The term "polymorphism" refers to the ability of code (in particular, methods or classes) to act on values of multiple types, or to the ability of different instances of the same data structure to contain elements of different types. Type systems that allow polymorphism generally do so in order to improve the potential for code re-use: in a language with polymorphism, programmers need only implement a data structure such as a list or an associative array once, rather than once for each type of element with which they plan to use it. For this reason computer scientists sometimes call the use of certain forms of polymorphism generic programming. The type-theoretic foundations of polymorphism are closely related to those of abstraction, modularity and (in some cases) subtyping.

### Duck typing

In "duck typing",[14] a statement calling a method m on an object does not rely on the declared type of the object; only that the object, of whatever type, must supply an implementation of the method called, when called, at run-time.

Duck typing differs from structural typing in that, if the part (of the whole module structure) needed for a given local computation is present at runtime, the duck type system is satisfied in its type identity analysis. On the other hand, a structural type system would require the analysis of the whole module structure at compile time to determine type identity or type dependence.

Duck typing differs from a nominative type system in a number of aspects. The most prominent ones are that for duck typing, type information is determined at runtime (as contrasted to compile time), and the name of the type is irrelevant to determine type identity or type dependence; only partial structure information is required for that for a given point in the program execution.

Duck typing uses the premise that (referring to a value) "if it walks like a duck, and quacks like a duck, then it is a duck" (this is a reference to the duck test that is attributed to James Whitcomb Riley). The term may have been coined[citation needed] by Alex Martelli in a 2000 message[15] to the comp.lang.python newsgroup (see Python).

Duck typing has been demonstrated to increase programmer productivity in a controlled experiment.[16][not in citation given]

## Specialized type systems

Many type systems have been created that are specialized for use in certain environments with certain types of data, or for out-of-band static program analysis. Frequently, these are based on ideas from formal type theory and are only available as part of prototype research systems.

### Dependent types

Dependent types are based on the idea of using scalars or values to more precisely describe the type of some other value. For example, $matrix(3, 3)$ might be the type of a 3×3 matrix. We can then define typing rules such as the following rule for matrix multiplication:

$matrix_{multiply} : matrix(k, m) \times matrix(m, n) \to matrix(k, n)$

where $k$, $m$, $n$ are arbitrary positive integer values. A variant of ML called Dependent ML has been created based on this type system, but because type checking for conventional dependent types is undecidable, not all programs using them can be type-checked without some kind of limits. Dependent ML limits the sort of equality it can decide to Presburger arithmetic.

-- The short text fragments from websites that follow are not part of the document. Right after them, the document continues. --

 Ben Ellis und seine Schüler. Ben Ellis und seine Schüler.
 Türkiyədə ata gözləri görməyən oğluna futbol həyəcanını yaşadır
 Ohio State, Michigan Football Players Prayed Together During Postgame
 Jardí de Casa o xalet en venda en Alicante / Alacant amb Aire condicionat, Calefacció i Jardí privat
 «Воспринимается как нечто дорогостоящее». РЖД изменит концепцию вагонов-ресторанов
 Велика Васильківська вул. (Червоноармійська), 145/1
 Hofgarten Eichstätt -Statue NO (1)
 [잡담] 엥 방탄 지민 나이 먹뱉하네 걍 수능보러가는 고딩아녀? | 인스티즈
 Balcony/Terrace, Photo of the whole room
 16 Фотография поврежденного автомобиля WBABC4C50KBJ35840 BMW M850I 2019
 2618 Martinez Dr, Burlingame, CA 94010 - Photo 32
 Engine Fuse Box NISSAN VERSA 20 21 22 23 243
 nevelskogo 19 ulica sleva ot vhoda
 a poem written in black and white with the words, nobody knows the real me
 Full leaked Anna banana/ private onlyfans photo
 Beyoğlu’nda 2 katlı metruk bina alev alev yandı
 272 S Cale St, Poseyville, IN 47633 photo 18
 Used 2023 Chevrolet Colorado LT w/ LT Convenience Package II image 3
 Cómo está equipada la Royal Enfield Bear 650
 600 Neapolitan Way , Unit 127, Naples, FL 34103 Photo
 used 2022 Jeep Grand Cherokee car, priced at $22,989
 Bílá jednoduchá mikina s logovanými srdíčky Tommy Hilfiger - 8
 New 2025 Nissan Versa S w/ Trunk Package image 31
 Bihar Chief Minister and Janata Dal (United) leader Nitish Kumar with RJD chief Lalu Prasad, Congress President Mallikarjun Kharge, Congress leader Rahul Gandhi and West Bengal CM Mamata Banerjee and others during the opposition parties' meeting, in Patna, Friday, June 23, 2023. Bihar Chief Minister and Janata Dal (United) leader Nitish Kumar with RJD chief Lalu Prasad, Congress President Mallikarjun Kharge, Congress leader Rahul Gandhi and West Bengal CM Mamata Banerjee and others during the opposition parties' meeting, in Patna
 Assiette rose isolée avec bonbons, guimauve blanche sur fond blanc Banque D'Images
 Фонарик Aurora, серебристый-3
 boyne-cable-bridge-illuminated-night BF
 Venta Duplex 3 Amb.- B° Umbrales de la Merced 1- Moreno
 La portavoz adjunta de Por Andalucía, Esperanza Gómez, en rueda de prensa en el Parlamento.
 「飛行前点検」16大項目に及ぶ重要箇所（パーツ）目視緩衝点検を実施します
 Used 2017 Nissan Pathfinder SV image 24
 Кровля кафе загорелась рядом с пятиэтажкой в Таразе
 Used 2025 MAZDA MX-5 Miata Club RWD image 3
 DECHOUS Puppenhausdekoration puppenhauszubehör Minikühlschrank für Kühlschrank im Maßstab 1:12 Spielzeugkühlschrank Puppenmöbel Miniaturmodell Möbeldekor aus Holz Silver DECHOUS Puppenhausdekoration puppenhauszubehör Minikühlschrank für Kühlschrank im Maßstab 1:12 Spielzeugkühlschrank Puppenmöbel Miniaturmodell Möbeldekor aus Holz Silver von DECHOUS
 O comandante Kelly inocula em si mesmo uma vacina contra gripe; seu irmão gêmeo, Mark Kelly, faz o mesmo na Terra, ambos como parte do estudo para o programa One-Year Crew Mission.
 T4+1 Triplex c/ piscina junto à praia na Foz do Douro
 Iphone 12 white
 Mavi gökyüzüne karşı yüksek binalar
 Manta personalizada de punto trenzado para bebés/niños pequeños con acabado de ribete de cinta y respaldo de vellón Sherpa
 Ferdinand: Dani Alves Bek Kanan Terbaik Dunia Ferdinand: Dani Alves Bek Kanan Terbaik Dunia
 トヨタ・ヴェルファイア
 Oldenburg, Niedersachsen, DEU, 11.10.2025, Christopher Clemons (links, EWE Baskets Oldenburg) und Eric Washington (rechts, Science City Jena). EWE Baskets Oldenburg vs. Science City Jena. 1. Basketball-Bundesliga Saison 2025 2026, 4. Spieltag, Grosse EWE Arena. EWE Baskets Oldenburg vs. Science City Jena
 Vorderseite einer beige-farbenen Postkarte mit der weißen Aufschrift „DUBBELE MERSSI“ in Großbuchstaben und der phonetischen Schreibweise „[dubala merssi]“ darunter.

Other languages such as Epigram make the value of all expressions in the language decidable so that type checking can be decidable. However, in general proof of decidability is undecidable, so many programs require hand-written annotations, which may be very non-trivial. As this impedes the development process many language implementations provide an easy way out in the form of an option to disable this condition. This, however, comes at the cost of making the type-checker run in an infinite loop when fed programs that don't type-check, causing the compiler to hang.

### Linear types

Linear types, based on the theory of linear logic, and closely related to uniqueness types, are types assigned to values having the property that they have one and only one reference to them at all times. These are valuable for describing large immutable values such as files, strings, and so on, because any operation that simultaneously destroys a linear object and creates a similar object (such as 'str = str + "a"') can be optimized "under the hood" into an in-place mutation. Normally this is not possible, as such mutations could cause side effects on parts of the program holding other references to the object, violating referential transparency. They are also used in the prototype operating system Singularity for interprocess communication, statically ensuring that processes cannot share objects in shared memory in order to prevent race conditions. The Clean language (a Haskell-like language) uses this type system in order to gain a lot of speed[not specific enough to verify] while remaining safe.

### Intersection types

Intersection types are types describing values that belong to both of two other given types with overlapping value sets. For example, in most implementations of C the signed char has range -128 to 127 and the unsigned char has range 0 to 255, so the intersection type of these two types would have range 0 to 127. Such an intersection type could be safely passed into functions expecting either signed or unsigned chars, because it is compatible with both types.

Intersection types are useful for describing overloaded function types: For example, if "intint" is the type of functions taking an integer argument and returning an integer, and "floatfloat" is the type of functions taking a float argument and returning a float, then the intersection of these two types can be used to describe functions that do one or the other, based on what type of input they are given. Such a function could be passed into another function expecting an "intint" function safely; it simply would not use the "floatfloat" functionality.

In a subclassing hierarchy, the intersection of a type and an ancestor type (such as its parent) is the most derived type. The intersection of sibling types is empty.

The Forsythe language includes a general implementation of intersection types. A restricted form is refinement types.

### Union types

Union types are types describing values that belong to either of two types. For example, in C, the signed char has range -128 to 127, and the unsigned char has range 0 to 255, so the union of these two types would have range -128 to 255. Any function handling this union type would have to deal with integers in this complete range. More generally, the only valid operations on a union type are operations that are valid on both types being unioned. C's "union" concept is similar to union types, but is not typesafe, as it permits operations that are valid on either type, rather than both. Union types are important in program analysis, where they are used to represent symbolic values whose exact nature (e.g., value or type) is not known.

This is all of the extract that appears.